* _AIM OF THE EXERCISE_: The answer must consist solely of the lines below starting at the one containing "Contemporary Black Leather" and ending at the one containing "Hooda Hallmöbelset Brun/Vit, Hanah Home", repeated exactly, with both ends included and all pictures omitted.

─── SUPPLIED INFORMATION

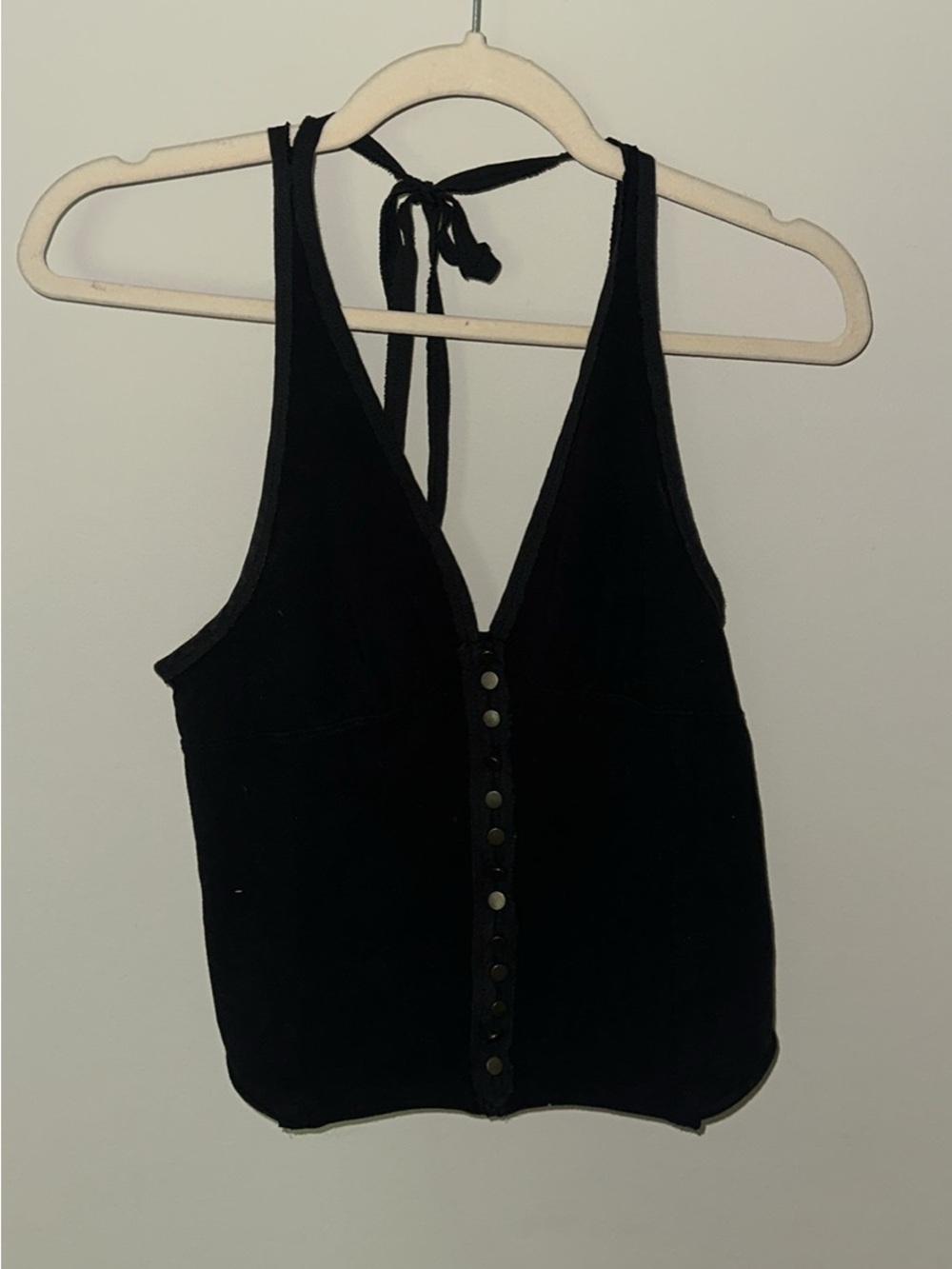 We The Free Black Halter Button-Front Camisole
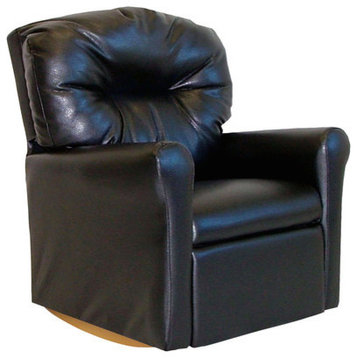 Contemporary Black Leather Like Child Rocker Recliner Chair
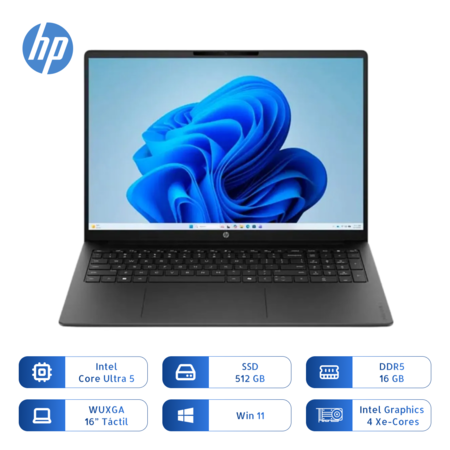 Notebook Hp Omnibook 3 16-bu0315dx Core Ultra 5 225u 512gb Ssd 16gb Ram 16 Pulg Silver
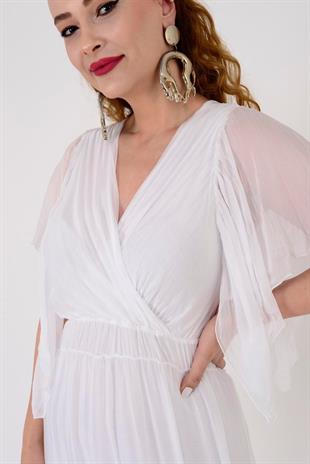 7066 Düz Desen Kruvaze Yaka İpek Elbise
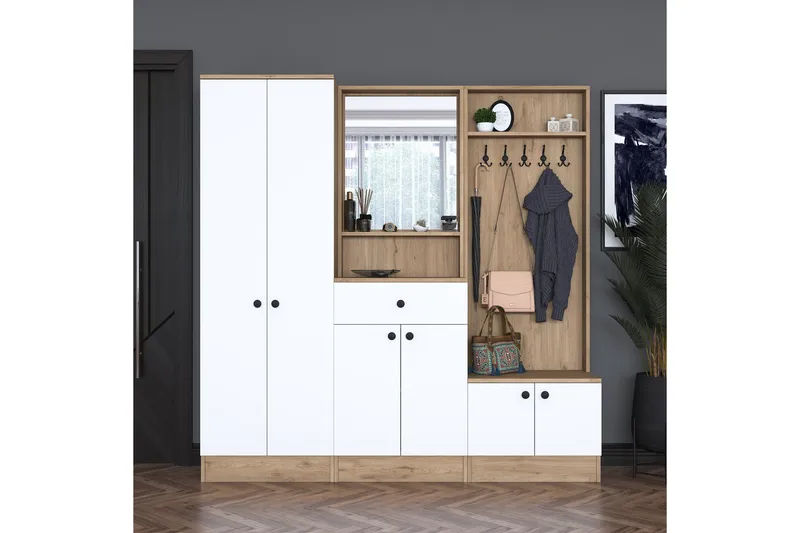 Hooda Hallmöbelset Brun/Vit, Hanah Home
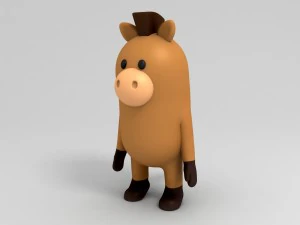 rigged horse character 3D Model
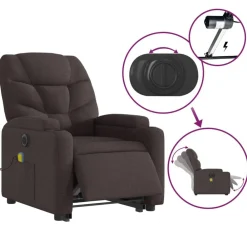 vidaXL Sillas-Sillón masaje eléctrico reclinable elevable tela marrón oscuro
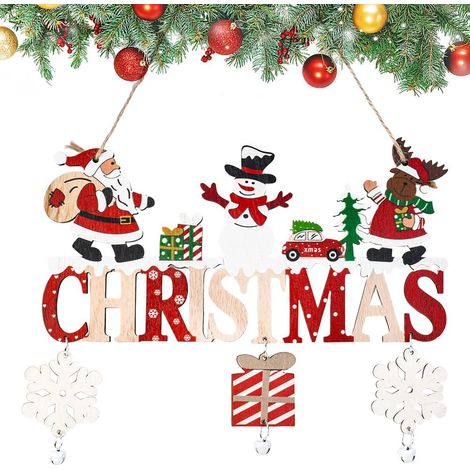 Plaque de Porte en Bois pour Noël - Décoration Suspendue avec Signe de Lettre pour Porte - Panneau Joyeux Noël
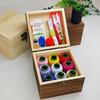 Solid Wood Portable Sewing Kit: Needle & Thread Storage for Home & Dorm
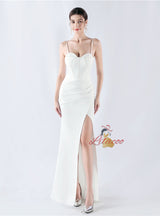 Mermaid Spaghetti Straps Pleats Prom Dress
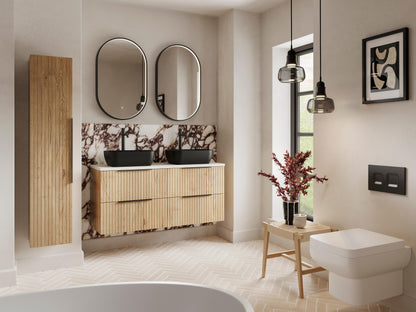 Nuie Lux Flume 300mm 1 Door Autumn Oak Wall Hung Tall Cabinet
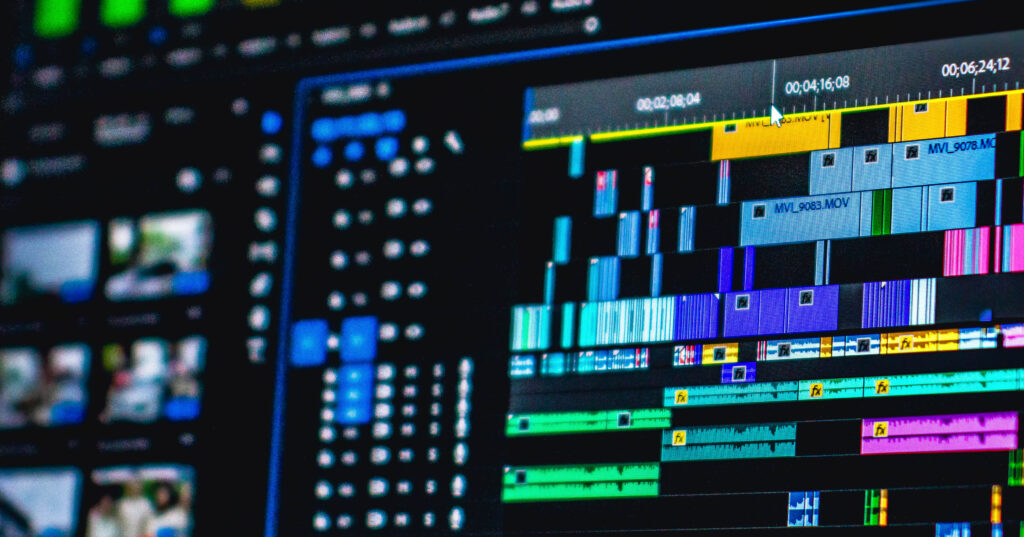 A video timeline showcasing the art of video editing, highlighting the expertise of Doleep Studios in crafting captivating content for UAE businesses.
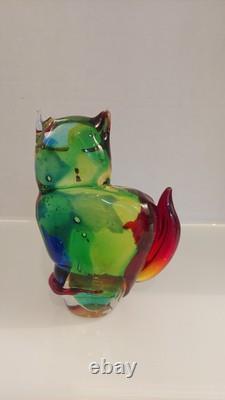 Vintage Murano Glass Cat Paperweight Sculpture Mario Costantini Italy 8 1/4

──────

* _ANSWER FOR THIS EXERCISE_:
 Contemporary Black Leather Like Child Rocker Recliner Chair
 Notebook Hp Omnibook 3 16-bu0315dx Core Ultra 5 225u 512gb Ssd 16gb Ram 16 Pulg Silver
 7066 Düz Desen Kruvaze Yaka İpek Elbise
 Hooda Hallmöbelset Brun/Vit, Hanah Home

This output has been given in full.